Para.. was? Paraguay?

Ein Austauschjahr ist mehr als Reisen. Es bedeutet, in das Leben seiner Gastfamilie und neuen Freunde einzutauchen, daran teil zu haben und es schätzen zu lernen.

Para.. was? Paraguay? Ahh, Paraguay! Schön, aber bitte, wo liegt das denn? Irgendwo in Amerika, oder? Da fährst du echt hin? Hilfe, ein Jahr? Schüleraustausch? Na denn... ?

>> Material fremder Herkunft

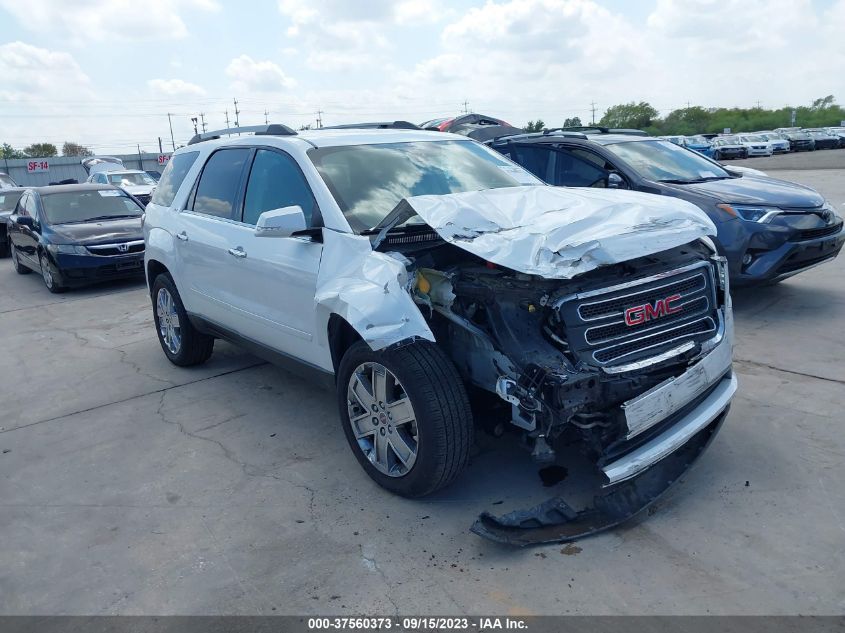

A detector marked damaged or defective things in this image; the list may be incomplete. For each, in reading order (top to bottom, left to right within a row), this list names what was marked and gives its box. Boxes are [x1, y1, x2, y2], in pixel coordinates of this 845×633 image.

damaged white gmc suv [142, 123, 736, 544]
crumpled hood [406, 185, 716, 278]
front bumper damage [472, 318, 736, 544]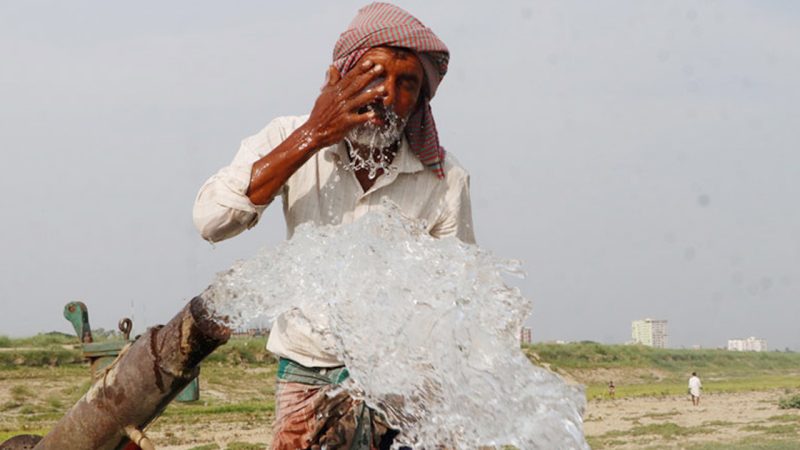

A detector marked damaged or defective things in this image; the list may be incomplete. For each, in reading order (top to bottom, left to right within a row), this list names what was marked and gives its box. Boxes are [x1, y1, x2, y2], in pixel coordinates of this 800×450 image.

rusty pipe [33, 292, 230, 450]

Meine Freunde, Verwandten, Bekannten und eigentlich fast jeder sah mich mit leicht fragendem Blick an, als ich ihnen eröffnete, dass ich im Rahmen eines Schüleraustausches für ein Jahr in Südamerika, genauer gesagt Paraguay, leben würde. Vielen kam die Auswahl meines Landes ziemlich abenteuerlich vor, aber gerade das war es wohl, was mich besonders reizte.

Nicht, dass ich mir nicht vorstellen konnte, ein schönes Jahr in den USA zu verbringen, aber ich hatte den Wunsch in eine mir völlig fremde, für uns exotisch anmutende Kultur eintauchen zu können. Ich war enthusiastisch und glücklich, als nach langer Zeit des Wartens endlich feststand, dass mein Wunsch, für ein Jahr ganz woanders leben zu können, in Erfüllung gehen würde. Doch ehrlich gesagt, das Einzige was ich zu diesem Zeitpunkt über und aus Paraguay kannte war Roque Santa Cruz, derzeit Fussballspieler beim FC Bayern München.

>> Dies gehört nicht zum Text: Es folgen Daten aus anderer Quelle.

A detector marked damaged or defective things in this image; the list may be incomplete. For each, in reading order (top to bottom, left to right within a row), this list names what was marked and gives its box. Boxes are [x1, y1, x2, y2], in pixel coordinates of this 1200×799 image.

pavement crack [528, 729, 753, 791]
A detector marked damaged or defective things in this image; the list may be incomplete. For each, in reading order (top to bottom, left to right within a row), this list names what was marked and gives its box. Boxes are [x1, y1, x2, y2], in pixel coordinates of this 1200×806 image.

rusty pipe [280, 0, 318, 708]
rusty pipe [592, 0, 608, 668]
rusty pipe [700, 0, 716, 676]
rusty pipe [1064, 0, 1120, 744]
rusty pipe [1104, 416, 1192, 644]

Paraguay, das war für mich ein Land, ein Name, mehr nicht. Ohne Bedeutung, ohne jegliche Bilder die mir sonst in den Kopf schiessen, wenn ich einen Begriff höre.

Und doch mit grosser Bedeutung. Meine neue Heimat. Ein Jahr, in dem ich unzählige Bilder und Eindrücke sammeln werde. Nie wieder wird mein Kopf leer sein, wenn ich das Wort Paraguay höre.

Jetzt wirst du meinen, dass dein Kopf immer noch keine Vorstellungen über den Begriff Paraguay enthält. Aber vielleicht hilft mein kleiner Bericht, dass man dir, das nächste Mal wenn dich jemand anspricht, diese Frage nicht aus den Augen ablesen kann. Paraguay?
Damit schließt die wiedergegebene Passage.